→ ABOUT THIS EXERCISE:
As soon as the line containing "Enchantimals edit" appears, start repeating lines exactly and continue to the end of the entries; please skip pictures.

→ Captioned web image data:
━━━━━━━━━━━━━━━━━━━━━━━━━━━━━━

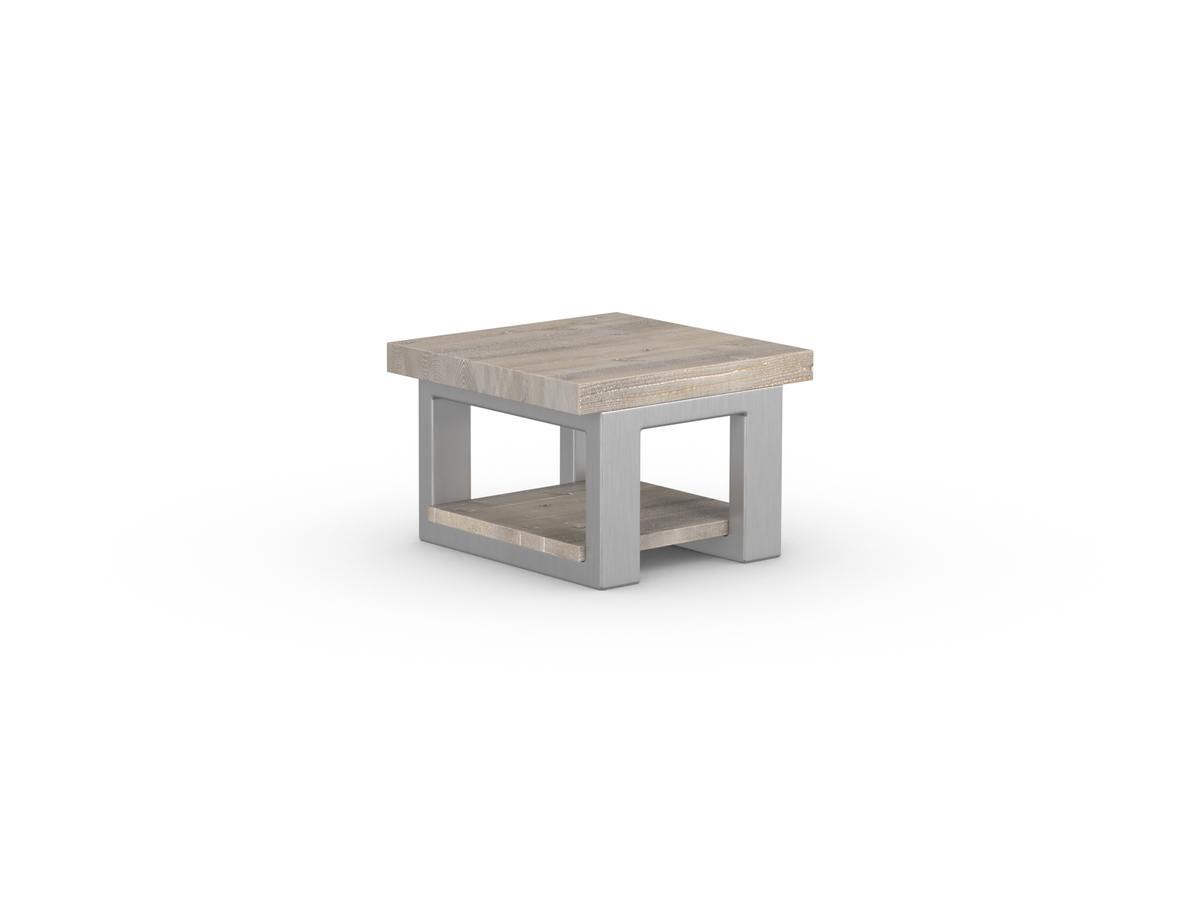 Cavendish Coffee Table With Shelf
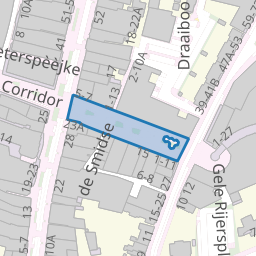 Perceel VKW00-B-3899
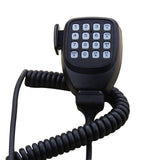 Kenwood Car Interphone Radio Speaker Microphone TM281A / 481A / TM271A /TK868G Hand Microphones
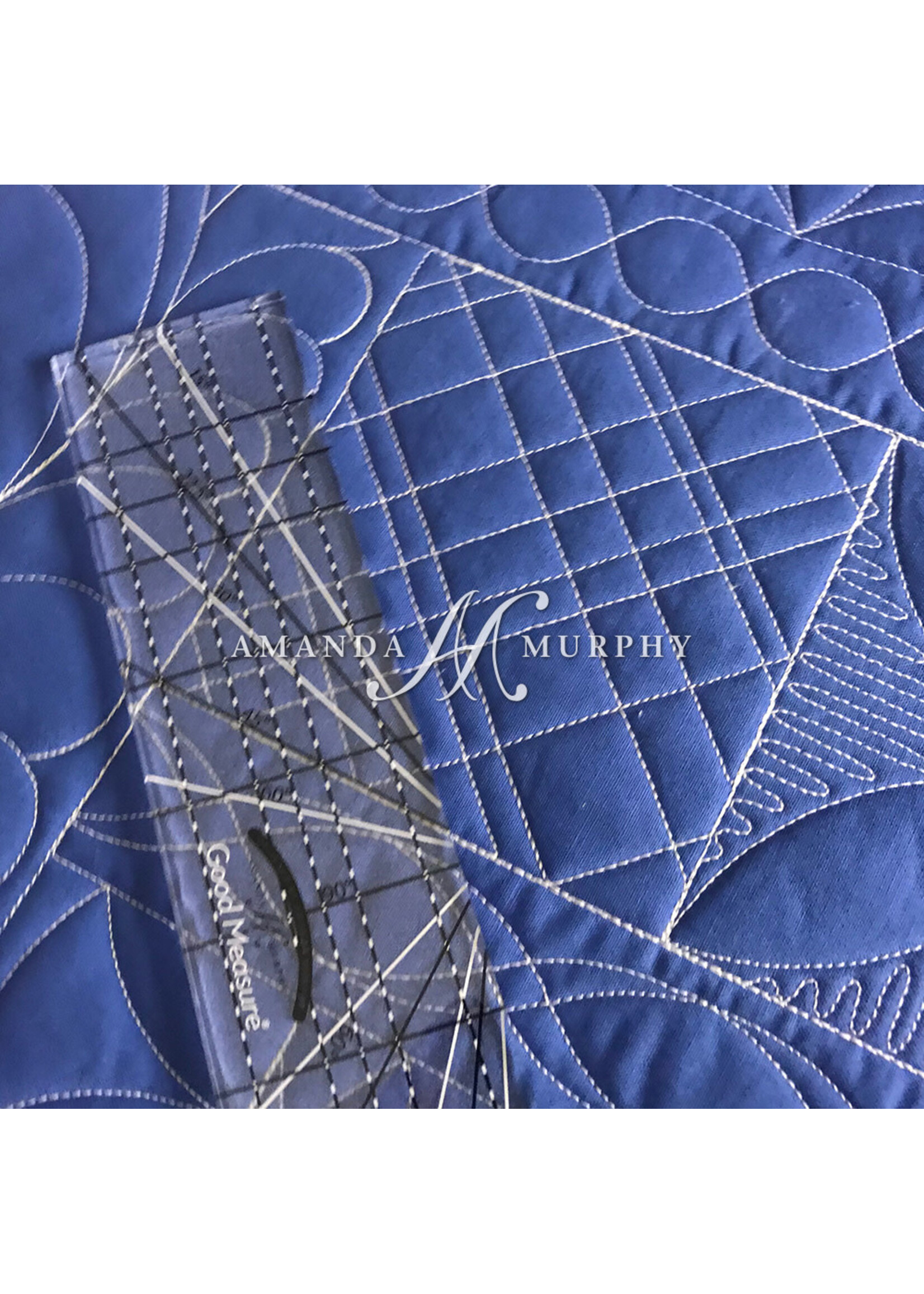 Good Measure Quiltliniaal - Every Angle - Low Shank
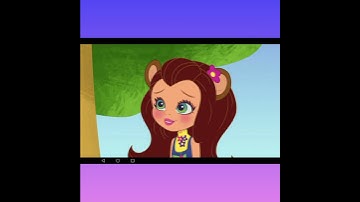 Enchantimals edit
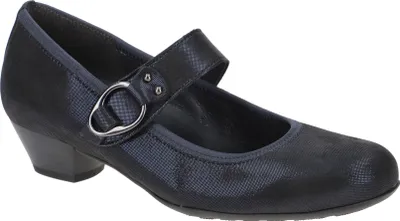 Produktbild von Gabor Komfort Pumps Damen 31373835363938 Blau 42 EU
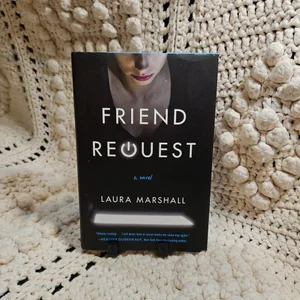 Friend Request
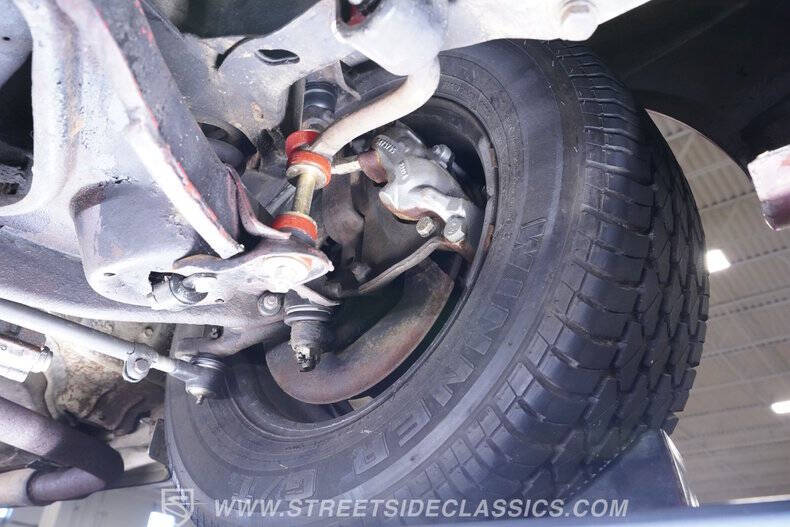 1972 Chevrolet Corvette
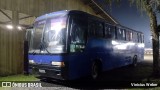 Ônibus Particulares 004 na cidade de Bela Vista do Toldo, Santa Catarina, Brasil, por Vinícius Weber. Número da foto: #12508986.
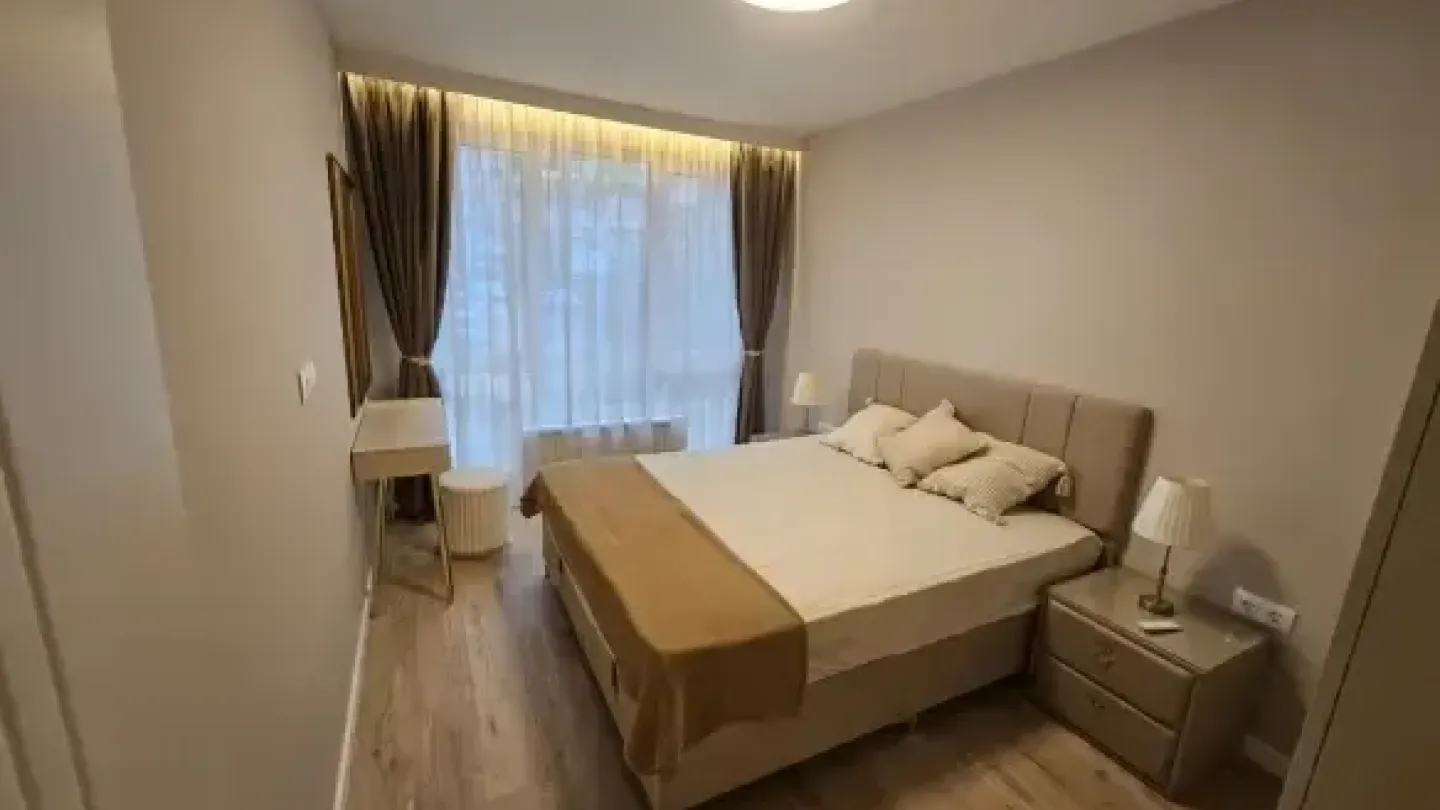 Spacious, Fully Furnished 3-Bedroom Apartment in Malyina Doline - Image 4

━━━━━━━━━━━━━━━━━━━━━━━━━━━━━━

→ ANSWER TO THIS PROBLEM:
 Enchantimals edit
 Produktbild von Gabor Komfort Pumps Damen 31373835363938 Blau 42 EU
 Friend Request
 1972 Chevrolet Corvette
 Ônibus Particulares 004 na cidade de Bela Vista do Toldo, Santa Catarina, Brasil, por Vinícius Weber. Número da foto: #12508986.
 Spacious, Fully Furnished 3-Bedroom Apartment in Malyina Doline - Image 4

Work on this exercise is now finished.